L’alta qualità della composizione e l’attenzione per il dettaglio, anche in un contesto ‘popolare’, hanno indotto l’amministrazione ad inserire questo lungo edificio fuori dal centro cittadino nella lista dei portici inseriti nella Lista del Patrimonio Mondiale.
Il quartiere Barca è stato progettato da un gruppo di professionisti coordinato da Giuseppe Vaccaro, architetto di origine bolognese, già autore dell’edificio della Facoltà di Ingegneria e diversi altri interventi in città. La costruzione di quello che si configura probabilmente come il più ampio insediamento nel territorio comunale, inizia nel 1957 e si protrae per più fasi, dal 1962 fino a metà degli anni Ottanta. Vaccaro è responsabile anche della progettazione del “Treno", curvo fabbricato in linea, lungo 553 m, con portico a piano terra e due piani a destinazione residenziale. Il “Treno”, che prende il nome dalla sua tipica conformazione, è stato pensato per essere l’elemento portante e centrale del quartiere; su di esso sono stati proiettati significati identitari forti, legati all’essenza del genius loci bolognese ed esplicitati in gran parte nella realizzazione del portico alla base dell’edificio.

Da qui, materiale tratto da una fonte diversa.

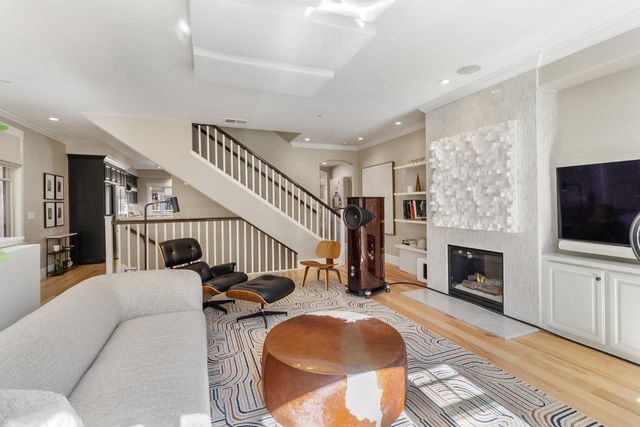 2011 Vizcaya Walk, Sacramento, CA 95818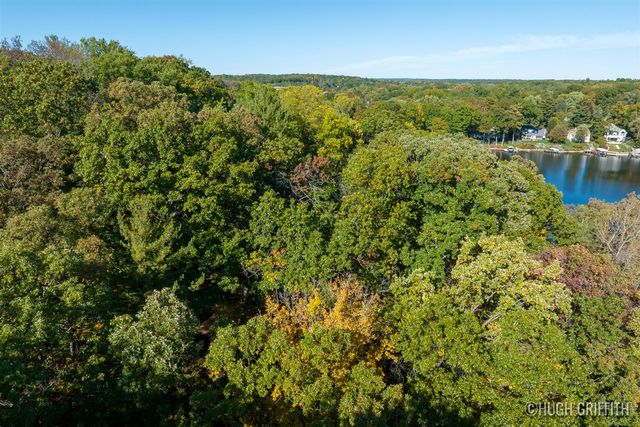 6811 Burger Drive, Grand Rapids, MI 49546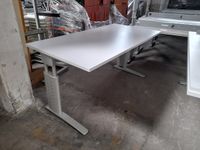 Schreibtisch Hammerbacher Dekor weiß 160x80 cm, 1 Stück Frankfurt am Main - Ostend Vorschau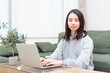 © garage38 - ノートパソコンを操作する女性
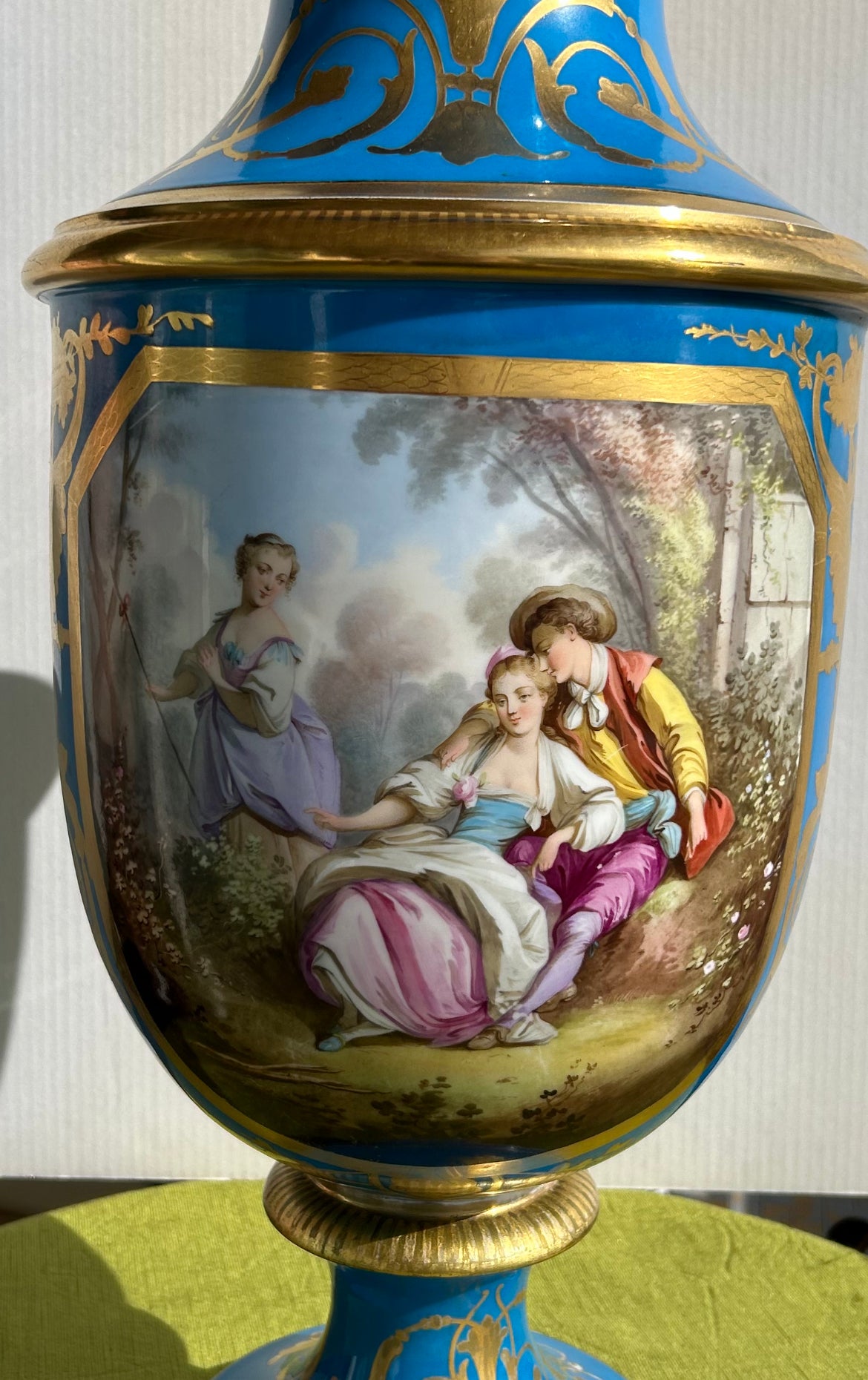 Exceptional Vase of Sevrés with Painting and Gilding
France, mid-19th century
Height: 62 cm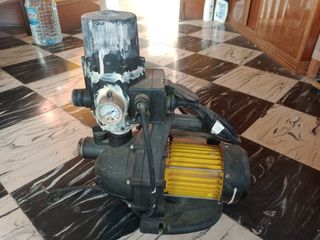 Motobomba de superficie con control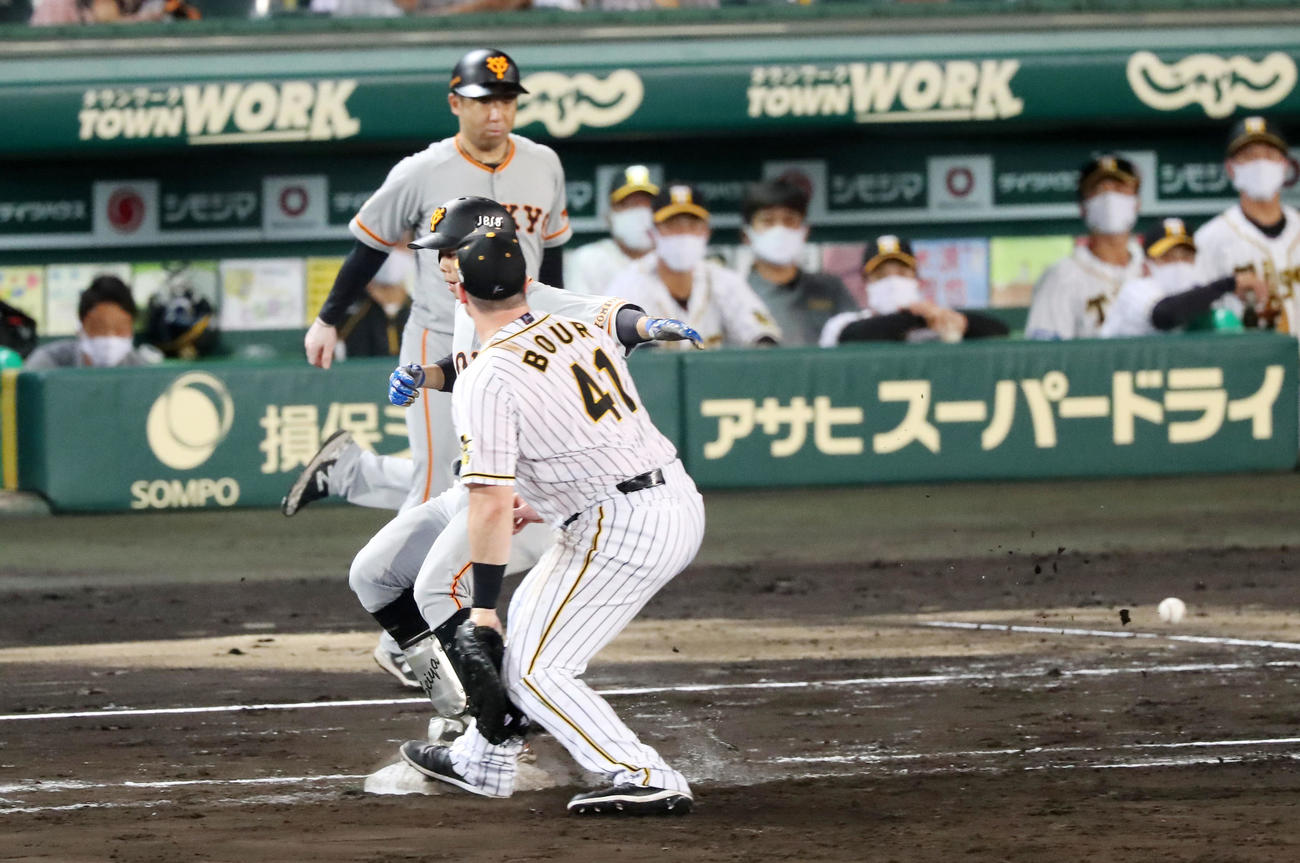 阪神対巨人　5回表巨人2死満塁、ボーアは松原の二ゴロで小幡竜平からの送球を捕球できず（撮影・加藤哉）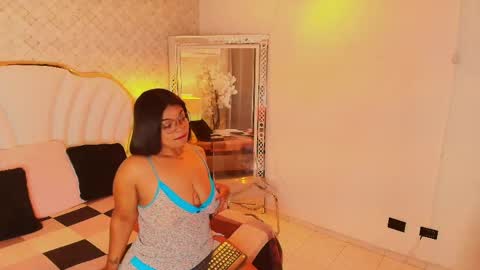  YazminJenner  online show from 14, 4, 2026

La particolare conformazione di tale portico prevede blocchi posti a distanze regolari in cui vengono inseriti i locali commerciali e gli accessi agli appartamenti ai due piani superiori. La volontà di movimentare un fronte che, data l’estensione, sarebbe altrimenti apparso eccessivamente uniforme, si concretizza nel forte aggetto della copertura, mentre il corpo intermedio presenta una fitta trama di aperture ingentilite da persiane scorrevoli.
L’edificio è stato recentemente oggetto di una accurata opera di riqualificazione energetica che non ha alterato le proporzioni e le caratteristiche originarie.